It looked like a long face plant from the penthouse – except it wasn’t. Seeing how Trump rebounded from that loss sheds light on what he is doing now and prompts the thought: maybe his stubborn refusal to fully acknowledge his election defeat on 3 November – his numerous legal challenges and his accusations of fraud – is more like a bankruptcy than a (half-hearted) coup.

Since the 1970s, bankruptcy law has developed in a contradictory fashion in the US: while laws and norms against individual and national bankruptcy (also known as default) have grown more stringent and punitive, norms and laws governing corporate bankruptcy have become more lenient. Famously, in the US, one cannot default on student loans, but it is common for corporate leaders to walk away from business failure at a profit.

For decades, we have lived in an era of “strategic bankruptcy” which allows management to file for what is called “Chapter 11” to default on contracts and promises without foregoing leadership of the company itself.
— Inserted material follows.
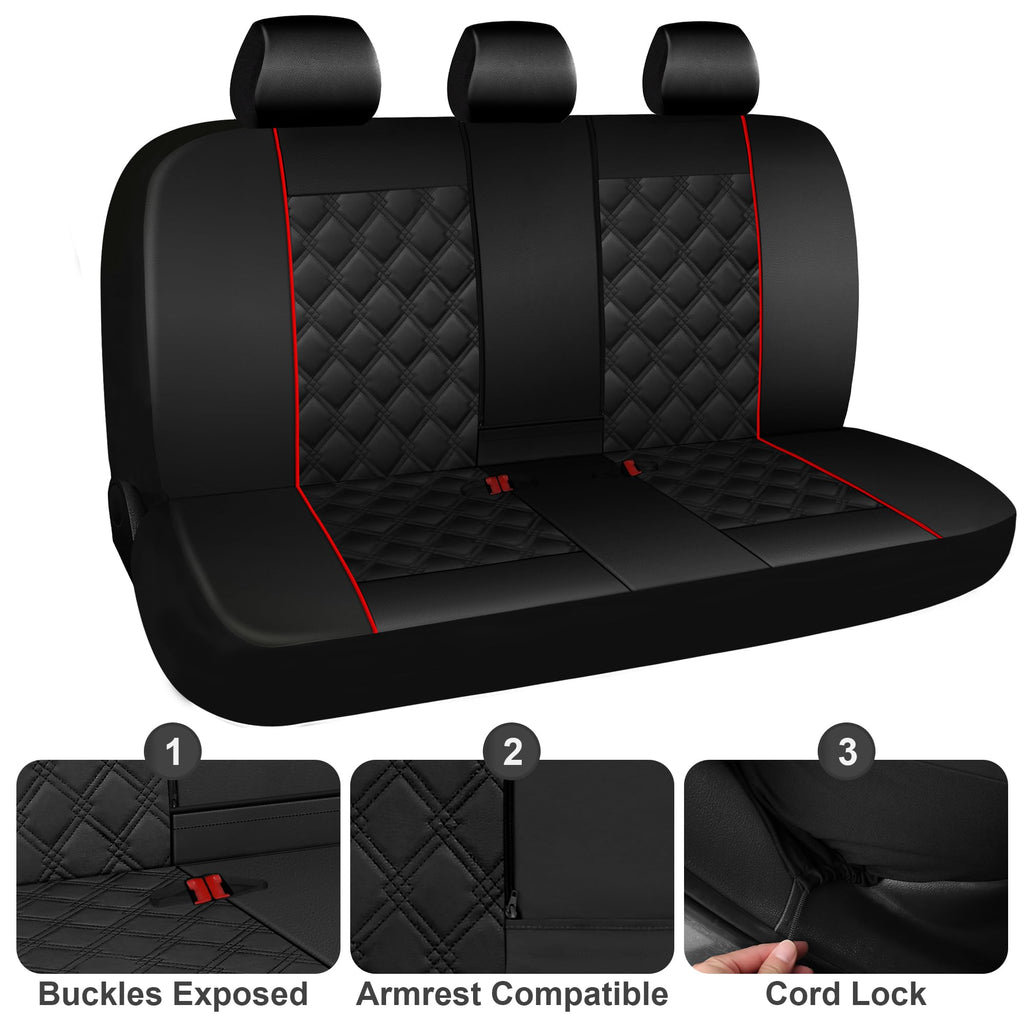 PU Leather Car Seat Covers Full Set Waterproof Split Bench Black Red M739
Bankruptcy is less a private apocalypse than a canny business move.

As one researcher at a brokerage described it in 1987: “When a company goes into bankruptcy, it enters sort of a state of grace. It pays no interest on all its debt, its contracts are unenforceable.”  

This era birthed “business as usual” bankruptcies. You could walk by a shop and see no outward signs of commercial trouble even when purges were afoot. At the business end of the purge were always the workers. Funds intended for wages or pensions were consumed by costs during lengthy negotiations with creditors and bondholders and the high fees of so-called “distressed debt specialists”. The broken promises to workers had an evocative label: “Betrayal without remedy.” 
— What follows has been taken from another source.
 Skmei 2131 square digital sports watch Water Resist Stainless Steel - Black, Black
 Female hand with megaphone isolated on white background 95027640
[See also: Anne Applebaum on Donald Trump: “History has always hung in the balance. We just imagine that it didn’t”]

Trump’s 1990 crack-up in Atlantic City was a banner example of the new bankruptcy. Even as workers and contractors went unpaid, Trump managed to retain control of the casinos. Thirty years later, he repaid the person who represented his creditors when he made Wilbur Ross, then known as “the King of Bankruptcy”, his commerce secretary. 
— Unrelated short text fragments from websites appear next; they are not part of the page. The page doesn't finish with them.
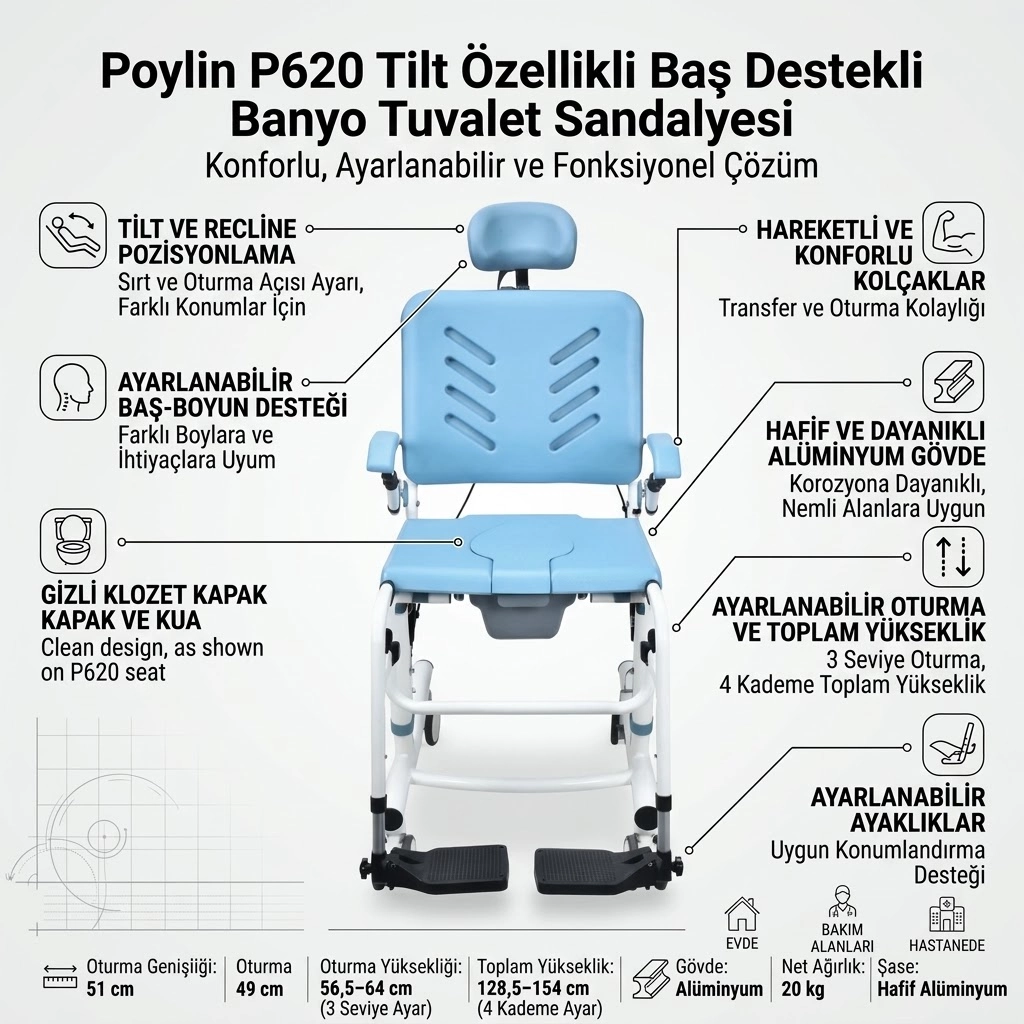 Poylin P620 Tilt Özellikli Baş Destekli Alüminyum Banyo Tuvalet Sandalyesi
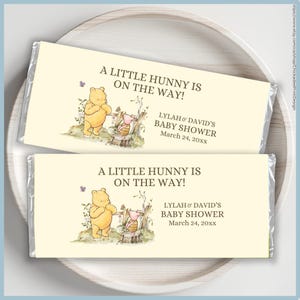 Classic Winnie the Pooh Baby Shower Chocolate Bar Wrapper Label Printable Template, A Little Hunny is on the Way, Vintage Pooh Bear, Favors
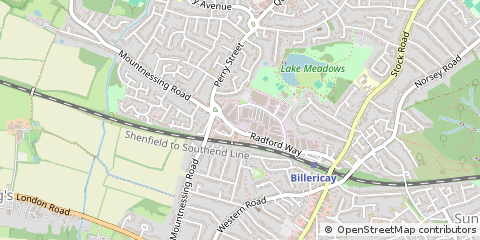 Map of Billericay, Essex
What happened in Atlantic City in the early 1990s is happening again in Washington, DC as Trump uses the resources of the state and the donations of his supporters to carry out a legal crusade that would seem quixotic and pointless were it not for the fact that it could line the pockets of those involved. 

The contributions Trump raises now will carry over to a future run for office. The longer the contestation of the election is dragged out, the more lucrative it is for the litigants. Reports suggest Rudy Giuliani, Trump’s lawyer, and the man most recently in headlines for speaking in front of an auto-parts shop, being hoodwinked by Borat, and sweating brown liquid from his scalp, may now become the most highly compensated attorney of all time. Presumably any level of humiliation would be worth $20,000 a day to carry out the task of what is called, in the jargon, “baby-sitting the debtor-in-possession”.

As the drama unfolds in the US, something strikingly similar is happening to its south. Venezuela also has two heads of state: Nicolás Maduro, who officially governs the country and Juan Guaidó, who does not, but enjoys recognition by most foreign governments. 

The question of who is really in charge is being fought, as in the US, in the courts rather than at the ballot box as both leaders lobby for control of Venezuela’s overseas assets, and US bondholders lobby to seize these assets for themselves. In the process, the nation is approached the way a former fund manager such as Wilbur Ross would a company facing bankruptcy, stripping it of its valuable possessions which are then fought over by creditors: oil refineries in Louisiana, gold bullion in the vaults of the Bank of England, bank accounts in New York, real estate and aircraft in south Florida.

Trump has treated the nation like a distressed asset since the late 1980s when he first flirted with a run for the presidency. “If [the US] were a corporation, it would be bankrupt,” he said then. This US is losing $200bn a year”, he said, “this country is essentially a bankrupt country”.  Upon his election in 2016, he filled his cabinet with actors from the distressed debt sector including Steven Mnuchin and Gary Cohn from Goldman Sachs alongside Ross himself.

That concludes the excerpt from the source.